I nostri territori non sono dunque altro che serbatoi di ricchezza – in varie forme – da accaparrare, dove le questioni sociali sono invisibilizzate e derubricate a costi inevitabili, e le contraddizioni e i conflitti potenziali generati dal neoliberismo sono trasformati in narrazioni criminalizzanti sull’insicurezza e il degrado, aprendo la via all’ideologia del decoro, all’intervento repressivo, al carcere.
D’altra parte marginalizzazione e repressione non sembrano disturbare in nessun modo la quotidianità della valorizzazione neoliberista e dell’ipocrita democrazia occidentale, che, anzi, vanno perfettamente d’accordo con l’esclusione e la violenza feroce che si abbattono sulle persone migranti e sui corpi e sulle soggettività non conformi. Il nuovo governo delle destre fasciste promette già di condire il tutto con nuovi autoritarismi e con una prospettiva ancora più razzista, patriarcale e omo/trans-fobica, con generale soddisfazione dei mercati e della finanza, preoccupati unicamente della stabilità della compagine di governo e dell’attuazione delle riforme.
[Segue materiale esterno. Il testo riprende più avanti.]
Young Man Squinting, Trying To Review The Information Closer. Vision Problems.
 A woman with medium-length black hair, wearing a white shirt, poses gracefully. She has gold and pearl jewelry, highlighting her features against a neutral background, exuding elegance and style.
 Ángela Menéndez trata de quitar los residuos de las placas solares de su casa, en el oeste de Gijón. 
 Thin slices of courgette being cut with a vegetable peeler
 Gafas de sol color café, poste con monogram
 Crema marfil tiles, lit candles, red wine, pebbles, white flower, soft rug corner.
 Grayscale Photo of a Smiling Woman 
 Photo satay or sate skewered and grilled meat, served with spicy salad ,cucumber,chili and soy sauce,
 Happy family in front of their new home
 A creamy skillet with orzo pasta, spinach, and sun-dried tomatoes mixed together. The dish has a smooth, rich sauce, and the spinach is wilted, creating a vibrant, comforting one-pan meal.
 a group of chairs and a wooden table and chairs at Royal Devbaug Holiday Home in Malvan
Il 5 novembre saremo in piazza per rispondere alla chiamata del Movimento dei disoccupati “7 novembre”. Mai come in questo momento crediamo sia necessario riappropriarci delle piazze e delle strade, diffondere autogestione e partecipazione diretta, nella consapevolezza che qualsiasi forma di delega non può che riprodurre un sistema sociale ed economico insostenibile.
Vogliamo rivendicare un reddito universale e incondizionato per tutte e tutti per liberarci da un sistema fondato sullo sfruttamento e sull’oppressione, iniziare a costruire società e comunità inclusive e senza confini, libere da qualsiasi processo di marginalizzazione ed esclusione.